My description of Pam’s Power Play includes one of my favorite sayings in The Boundaries and Natural Consequences Department: I’m not available…. When people behave badly, The Most Natural Consequence is for reasonable people to refuse to be around them. That includes not responding to their crazy texts. Remember, boundaries are about where I draw the line between what’s acceptable and what’s unacceptable—and what is and isn’t my responsibility. Control freaks are all about control and manipulation. Manipulation is all about lies. Those behaviors are abusive. Abuse is never acceptable. It’s not okay.

That takes us full circle—back to Point #1: Forgiving is not condoning. Yes, I forgave Pam, but I didn’t sugar-coat or tap-dance around what she did (Point #6: Forgiving doesn’t mean forgetting or ignoring wrongdoing); nor did I lie and say, “That’s okay.” It was very much not okay (Point #1: Forgiving is not condoning).

The boomerang and the compliment
During the last 50-some-odd years, I’ve encountered some sick people and some really strange, disturbing behavior. God showed me the way out of these entanglements. He’s taught me so much. Thankfully, I’ve learned and decided what I will and won’t tolerate. On occasion, I say, basically: “Knock it off.” But usually, I totally ignore The Chaos Boomerang and let it fly back and hit The Thrower in the face.

When we use natural consequences, people sometimes call us mean. Consider it a compliment from someone who was just trying to throw something at you.

Remembering, praying and learning
Remember this foundational truth, Point #3: Forgiving is essential for me and my relationships. Today we dug some more into Point #7: Forgiving doesn’t mean rejecting or sabotaging natural consequences.

After we forgive, sometimes we’re given an opportunity to problem-solve.

Do you need to learn more about boundaries and/or natural consequences? These three things have really helped me. Give them a try. (1) Pray and ask God for wisdom and courage, (2) read Boundaries, and (3) work with a great counselor.

When we’re not sure what natural consequences would look like in a particular situation, we need to pray about it. Sometimes we need to talk with a wise counselor, mentor or friend.

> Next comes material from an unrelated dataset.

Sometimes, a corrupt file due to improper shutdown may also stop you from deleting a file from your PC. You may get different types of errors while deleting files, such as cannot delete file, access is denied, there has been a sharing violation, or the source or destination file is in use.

Choosing friends wisely means choosing wise friends.

Wise friends learn from their life experiences. Wise friends tell us when we’re wrong. Wise friends make us better people. I’ve learned so much from Brandon and my close friends. Shout-out to Brandon, Charlene, Meagan and Summer. I love you!

Coming next: We’ll look at the last part of Point #7—sabotaging natural consequences. You’ll read a story that could be called “Frankie Ann Caved In.” Then we’ll move on to Point #8 and maybe Point #9. I haven’t written it all yet, so I’m looking forward to some laughs and surprises. Come back next time. Thanks for reading and for Choosing Peace. 

Healing through truth and music
Peaceful Readers, I’ve found great healing in my life through the beauty and truth of God’s word and through music. I hope the truths and songs that I share at the end of each post will bless you too.

Truth from The Word: Blessed, saved and victorious. Celebrate as you read Deuteronomy 33:29.

Song for Healing: This beautiful song—“For Ross” by Thad Fiscella—reminds me of the healing that forgiving and problem-solving bring into our lives. Thad wrote this song for his son. I smile today, not only because it’s Mother’s Day, but because of so many blessings. Thanks be to God!